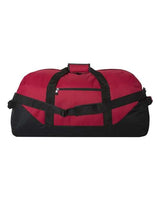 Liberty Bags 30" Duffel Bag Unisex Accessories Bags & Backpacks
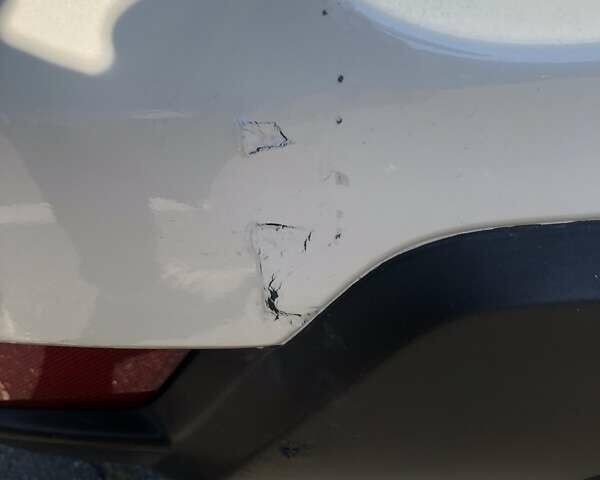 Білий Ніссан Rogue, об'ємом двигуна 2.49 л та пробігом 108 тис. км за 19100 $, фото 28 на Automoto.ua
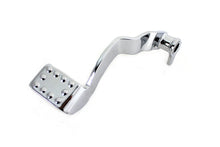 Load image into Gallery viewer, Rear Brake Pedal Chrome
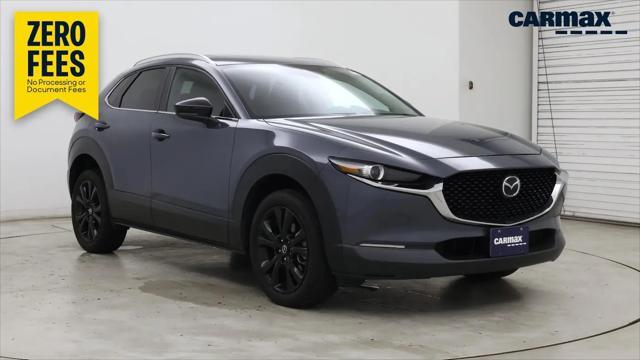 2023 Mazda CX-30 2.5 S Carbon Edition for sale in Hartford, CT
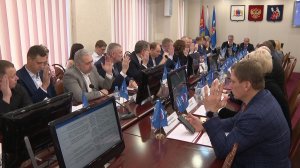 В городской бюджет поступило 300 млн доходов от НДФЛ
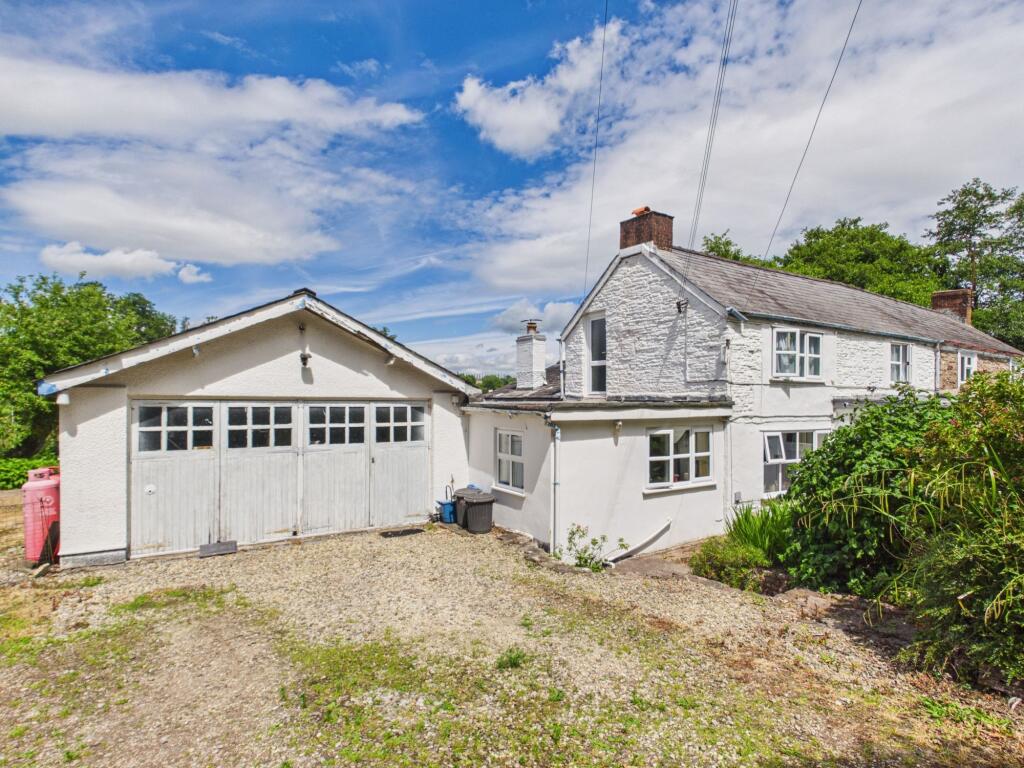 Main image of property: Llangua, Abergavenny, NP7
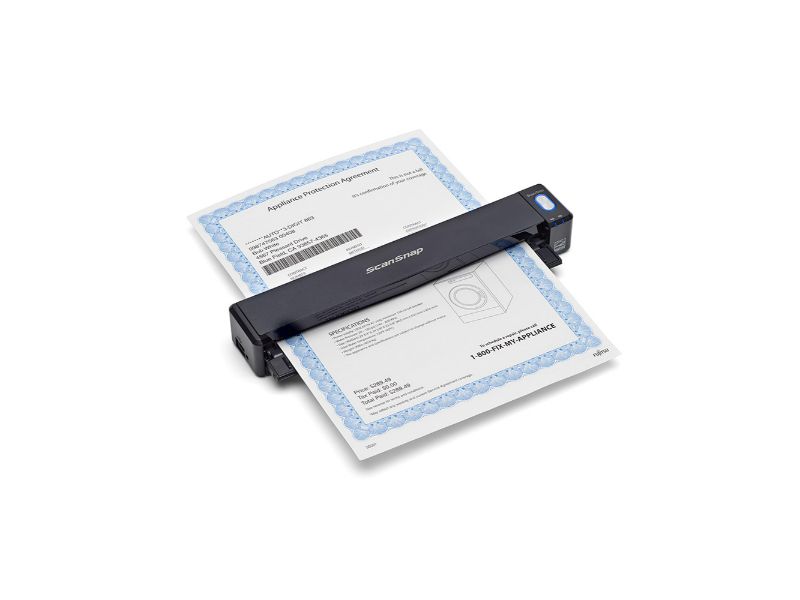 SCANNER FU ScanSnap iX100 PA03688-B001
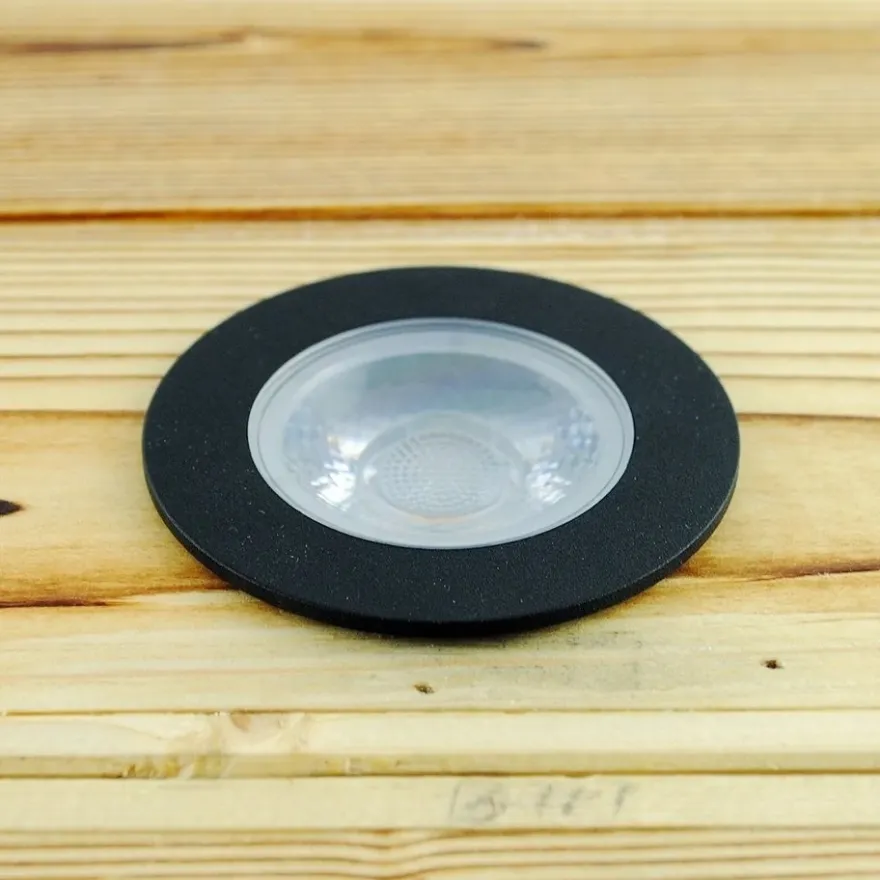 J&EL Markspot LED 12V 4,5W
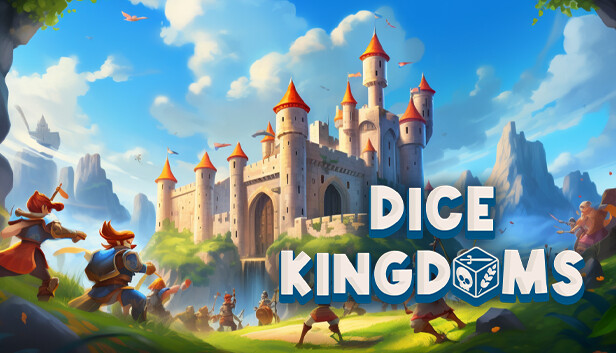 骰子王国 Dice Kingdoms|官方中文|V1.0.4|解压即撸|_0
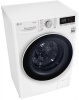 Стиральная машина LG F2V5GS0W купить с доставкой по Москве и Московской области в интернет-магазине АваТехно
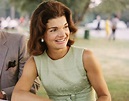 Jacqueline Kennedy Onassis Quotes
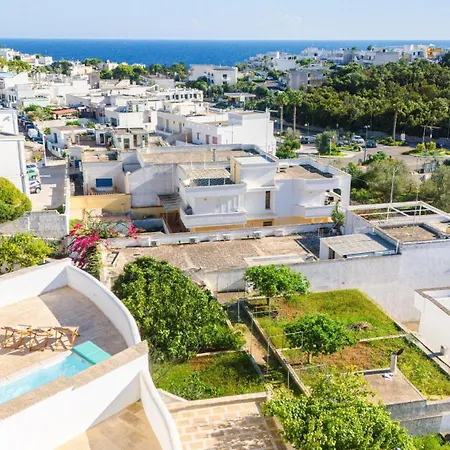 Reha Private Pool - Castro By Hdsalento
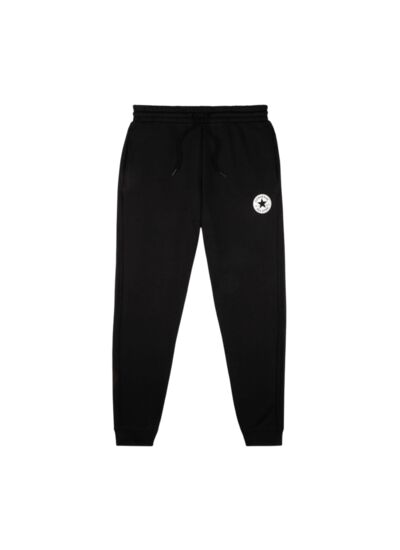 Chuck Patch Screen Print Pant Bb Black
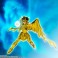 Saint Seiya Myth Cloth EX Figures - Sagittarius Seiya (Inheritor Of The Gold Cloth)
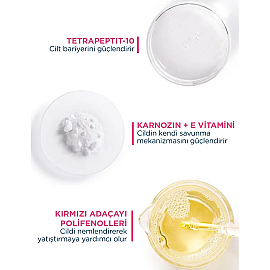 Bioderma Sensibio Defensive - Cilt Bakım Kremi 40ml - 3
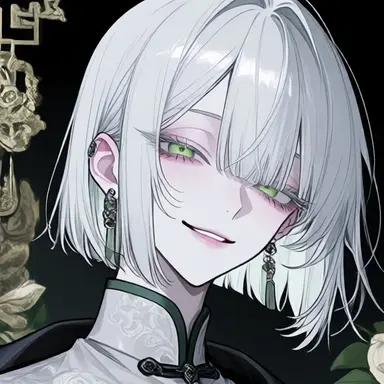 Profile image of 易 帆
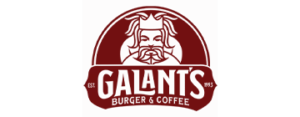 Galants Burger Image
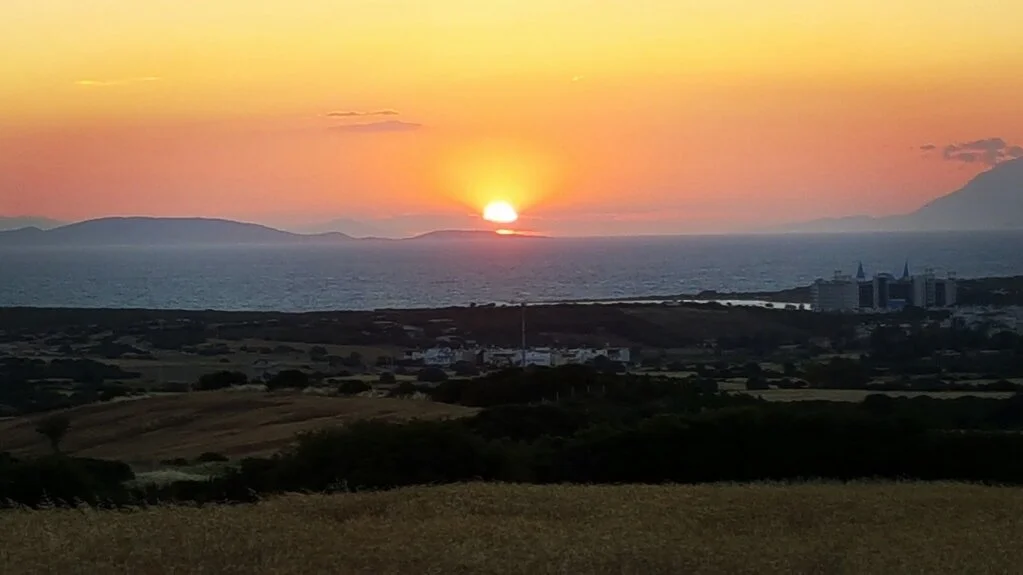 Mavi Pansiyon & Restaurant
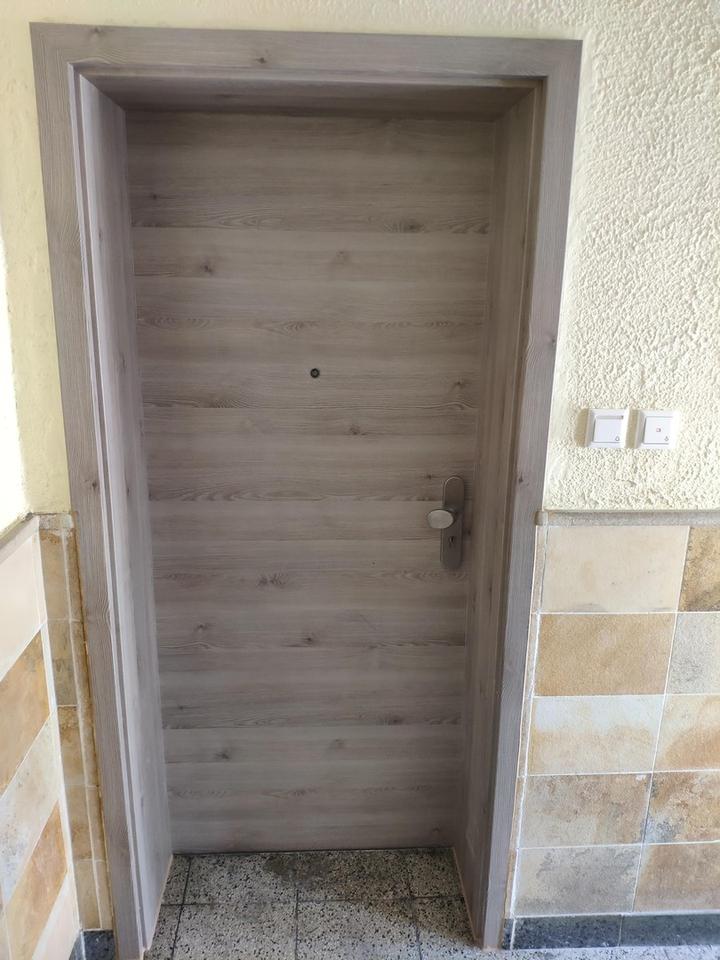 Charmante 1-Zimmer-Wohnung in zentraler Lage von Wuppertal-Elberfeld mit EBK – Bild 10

#####

To do
Going from the line holding "Profile image of 易 帆" to the last line of the data above, reproduce every line exactly, both included, with the pictures omitted.

Answer
 Profile image of 易 帆
 Galants Burger Image
 Mavi Pansiyon & Restaurant
 Charmante 1-Zimmer-Wohnung in zentraler Lage von Wuppertal-Elberfeld mit EBK – Bild 10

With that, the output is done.